Caption-style text data
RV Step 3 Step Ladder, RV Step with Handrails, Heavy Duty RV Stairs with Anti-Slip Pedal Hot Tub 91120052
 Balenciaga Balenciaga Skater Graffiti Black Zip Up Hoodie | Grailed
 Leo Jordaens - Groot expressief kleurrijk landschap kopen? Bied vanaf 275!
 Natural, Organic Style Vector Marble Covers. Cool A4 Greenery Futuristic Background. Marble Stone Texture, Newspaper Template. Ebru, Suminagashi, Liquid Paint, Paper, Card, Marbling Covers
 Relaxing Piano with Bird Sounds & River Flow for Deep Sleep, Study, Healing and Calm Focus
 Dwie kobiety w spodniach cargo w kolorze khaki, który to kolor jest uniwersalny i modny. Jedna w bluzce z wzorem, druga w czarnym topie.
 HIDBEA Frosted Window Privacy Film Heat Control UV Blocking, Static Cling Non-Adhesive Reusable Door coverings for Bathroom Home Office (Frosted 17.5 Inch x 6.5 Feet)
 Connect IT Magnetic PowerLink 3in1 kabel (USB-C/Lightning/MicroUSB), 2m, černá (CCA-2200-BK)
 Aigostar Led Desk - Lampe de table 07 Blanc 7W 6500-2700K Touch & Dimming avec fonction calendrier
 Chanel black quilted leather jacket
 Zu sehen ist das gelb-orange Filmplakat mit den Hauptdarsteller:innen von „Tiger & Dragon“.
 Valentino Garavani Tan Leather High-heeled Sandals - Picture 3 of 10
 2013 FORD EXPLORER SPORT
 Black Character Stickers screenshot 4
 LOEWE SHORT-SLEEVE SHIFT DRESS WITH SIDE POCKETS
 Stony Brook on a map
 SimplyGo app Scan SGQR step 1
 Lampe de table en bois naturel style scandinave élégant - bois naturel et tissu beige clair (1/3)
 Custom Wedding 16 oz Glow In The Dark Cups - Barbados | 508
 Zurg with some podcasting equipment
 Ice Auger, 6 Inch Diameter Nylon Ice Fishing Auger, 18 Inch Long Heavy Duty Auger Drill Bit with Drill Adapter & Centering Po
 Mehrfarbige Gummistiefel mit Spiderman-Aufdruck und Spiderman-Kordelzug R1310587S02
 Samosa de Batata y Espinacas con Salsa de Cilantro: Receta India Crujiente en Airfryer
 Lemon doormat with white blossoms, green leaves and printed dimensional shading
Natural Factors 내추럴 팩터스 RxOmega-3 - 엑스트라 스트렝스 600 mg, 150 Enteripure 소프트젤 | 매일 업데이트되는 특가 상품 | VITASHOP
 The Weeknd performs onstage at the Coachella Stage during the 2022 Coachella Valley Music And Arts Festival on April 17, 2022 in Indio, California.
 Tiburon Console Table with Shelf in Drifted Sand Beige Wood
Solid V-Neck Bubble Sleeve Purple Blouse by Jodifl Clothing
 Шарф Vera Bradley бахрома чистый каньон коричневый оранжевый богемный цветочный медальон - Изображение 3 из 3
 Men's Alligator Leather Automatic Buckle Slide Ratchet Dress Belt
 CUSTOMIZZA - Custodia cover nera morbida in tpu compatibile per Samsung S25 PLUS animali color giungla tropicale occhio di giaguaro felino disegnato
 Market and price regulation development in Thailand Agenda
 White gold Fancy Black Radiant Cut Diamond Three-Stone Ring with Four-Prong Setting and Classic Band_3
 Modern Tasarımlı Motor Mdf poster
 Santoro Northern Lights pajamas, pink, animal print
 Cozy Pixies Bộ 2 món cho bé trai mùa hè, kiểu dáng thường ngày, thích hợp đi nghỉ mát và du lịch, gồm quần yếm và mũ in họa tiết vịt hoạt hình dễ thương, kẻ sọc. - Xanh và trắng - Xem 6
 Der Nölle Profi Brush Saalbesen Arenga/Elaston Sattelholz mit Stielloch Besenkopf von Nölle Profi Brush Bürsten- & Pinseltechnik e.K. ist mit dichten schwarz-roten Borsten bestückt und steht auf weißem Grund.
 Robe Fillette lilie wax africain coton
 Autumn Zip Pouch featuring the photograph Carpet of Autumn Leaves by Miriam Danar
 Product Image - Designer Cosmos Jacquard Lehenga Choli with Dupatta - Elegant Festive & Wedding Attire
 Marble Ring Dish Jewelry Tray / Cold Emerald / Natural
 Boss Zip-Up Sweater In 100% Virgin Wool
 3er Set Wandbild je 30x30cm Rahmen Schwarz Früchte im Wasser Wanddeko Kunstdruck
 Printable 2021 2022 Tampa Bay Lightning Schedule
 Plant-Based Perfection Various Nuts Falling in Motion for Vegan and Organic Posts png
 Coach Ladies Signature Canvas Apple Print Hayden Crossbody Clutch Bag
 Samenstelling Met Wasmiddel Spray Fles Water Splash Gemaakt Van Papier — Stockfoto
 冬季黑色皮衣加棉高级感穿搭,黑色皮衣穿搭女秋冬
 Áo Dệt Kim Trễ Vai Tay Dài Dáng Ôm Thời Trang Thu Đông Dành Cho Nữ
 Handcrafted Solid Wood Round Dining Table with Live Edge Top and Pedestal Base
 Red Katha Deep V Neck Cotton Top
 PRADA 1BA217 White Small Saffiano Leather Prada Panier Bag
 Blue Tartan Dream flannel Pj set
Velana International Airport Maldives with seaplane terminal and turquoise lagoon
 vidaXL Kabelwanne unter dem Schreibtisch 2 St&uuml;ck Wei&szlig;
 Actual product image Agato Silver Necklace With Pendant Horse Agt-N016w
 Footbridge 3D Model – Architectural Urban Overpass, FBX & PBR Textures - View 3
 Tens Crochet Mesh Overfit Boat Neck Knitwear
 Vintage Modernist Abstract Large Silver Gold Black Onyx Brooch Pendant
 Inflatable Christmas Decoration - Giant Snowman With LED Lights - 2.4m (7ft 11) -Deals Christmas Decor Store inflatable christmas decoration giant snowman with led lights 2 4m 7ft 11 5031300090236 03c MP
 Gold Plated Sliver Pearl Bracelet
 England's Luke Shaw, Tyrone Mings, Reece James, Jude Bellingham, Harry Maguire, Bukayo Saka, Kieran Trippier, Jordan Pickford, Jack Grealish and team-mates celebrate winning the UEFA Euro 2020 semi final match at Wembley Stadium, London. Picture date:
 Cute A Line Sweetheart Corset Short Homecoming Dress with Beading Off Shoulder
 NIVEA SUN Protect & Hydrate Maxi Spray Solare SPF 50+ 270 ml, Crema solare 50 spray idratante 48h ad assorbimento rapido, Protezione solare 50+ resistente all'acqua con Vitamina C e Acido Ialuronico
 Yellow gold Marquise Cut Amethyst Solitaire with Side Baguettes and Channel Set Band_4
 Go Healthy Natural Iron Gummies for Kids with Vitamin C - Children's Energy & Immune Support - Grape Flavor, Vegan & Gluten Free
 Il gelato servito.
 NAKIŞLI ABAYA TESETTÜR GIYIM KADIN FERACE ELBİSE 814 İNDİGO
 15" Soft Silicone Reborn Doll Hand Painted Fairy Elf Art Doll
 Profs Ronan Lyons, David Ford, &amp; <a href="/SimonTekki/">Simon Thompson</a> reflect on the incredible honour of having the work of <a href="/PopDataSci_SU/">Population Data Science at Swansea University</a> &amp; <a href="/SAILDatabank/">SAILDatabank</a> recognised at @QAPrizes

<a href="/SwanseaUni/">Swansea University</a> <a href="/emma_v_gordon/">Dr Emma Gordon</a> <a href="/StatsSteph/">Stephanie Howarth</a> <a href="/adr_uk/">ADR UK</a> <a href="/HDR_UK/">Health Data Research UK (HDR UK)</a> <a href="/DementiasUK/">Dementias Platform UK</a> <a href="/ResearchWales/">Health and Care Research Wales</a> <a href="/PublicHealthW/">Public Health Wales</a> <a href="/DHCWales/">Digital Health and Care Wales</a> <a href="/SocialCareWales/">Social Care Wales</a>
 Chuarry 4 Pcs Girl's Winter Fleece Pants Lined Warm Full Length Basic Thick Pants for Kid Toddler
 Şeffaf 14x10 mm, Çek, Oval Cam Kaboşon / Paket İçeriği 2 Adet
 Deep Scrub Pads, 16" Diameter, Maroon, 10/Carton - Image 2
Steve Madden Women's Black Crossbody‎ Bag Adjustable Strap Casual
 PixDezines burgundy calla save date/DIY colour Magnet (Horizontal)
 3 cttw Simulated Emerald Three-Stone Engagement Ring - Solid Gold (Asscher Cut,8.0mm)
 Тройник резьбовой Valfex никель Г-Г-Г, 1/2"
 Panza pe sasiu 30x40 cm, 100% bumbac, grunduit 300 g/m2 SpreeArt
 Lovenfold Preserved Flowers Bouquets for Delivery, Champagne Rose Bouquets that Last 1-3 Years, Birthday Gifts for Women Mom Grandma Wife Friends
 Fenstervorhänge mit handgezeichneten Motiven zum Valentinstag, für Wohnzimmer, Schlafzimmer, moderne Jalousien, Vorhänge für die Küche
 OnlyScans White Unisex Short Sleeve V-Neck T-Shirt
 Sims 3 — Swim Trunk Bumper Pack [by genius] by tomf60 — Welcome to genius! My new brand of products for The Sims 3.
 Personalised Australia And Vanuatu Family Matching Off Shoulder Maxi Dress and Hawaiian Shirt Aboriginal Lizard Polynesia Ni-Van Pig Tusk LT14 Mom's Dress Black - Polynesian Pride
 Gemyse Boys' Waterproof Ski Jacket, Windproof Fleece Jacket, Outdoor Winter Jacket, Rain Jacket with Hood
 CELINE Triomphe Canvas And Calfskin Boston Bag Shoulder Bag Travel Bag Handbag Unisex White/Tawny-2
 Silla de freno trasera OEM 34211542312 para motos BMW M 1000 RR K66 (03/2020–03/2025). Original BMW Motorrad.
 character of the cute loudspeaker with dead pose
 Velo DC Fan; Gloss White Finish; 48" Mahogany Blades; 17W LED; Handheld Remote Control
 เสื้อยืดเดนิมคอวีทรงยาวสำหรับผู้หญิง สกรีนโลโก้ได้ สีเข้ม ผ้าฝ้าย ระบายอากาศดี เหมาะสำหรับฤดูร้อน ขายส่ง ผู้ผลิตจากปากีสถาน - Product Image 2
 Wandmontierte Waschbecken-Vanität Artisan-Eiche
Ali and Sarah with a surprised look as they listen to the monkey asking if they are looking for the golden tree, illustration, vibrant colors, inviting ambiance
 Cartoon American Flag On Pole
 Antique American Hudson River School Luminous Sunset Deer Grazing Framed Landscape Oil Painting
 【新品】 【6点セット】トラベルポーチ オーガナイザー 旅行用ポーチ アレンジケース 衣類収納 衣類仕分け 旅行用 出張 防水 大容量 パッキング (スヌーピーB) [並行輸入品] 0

### WHAT THIS TASK INVOLVES
When you reach the line holding "Wandmontierte Waschbecken-Vanität Artisan-Eiche" in the records above, begin reproducing exactly, stop after the line holding "Cartoon American Flag On Pole", and output nothing else.

### ANSWER TO THIS TASK
 Wandmontierte Waschbecken-Vanität Artisan-Eiche
Ali and Sarah with a surprised look as they listen to the monkey asking if they are looking for the golden tree, illustration, vibrant colors, inviting ambiance
 Cartoon American Flag On Pole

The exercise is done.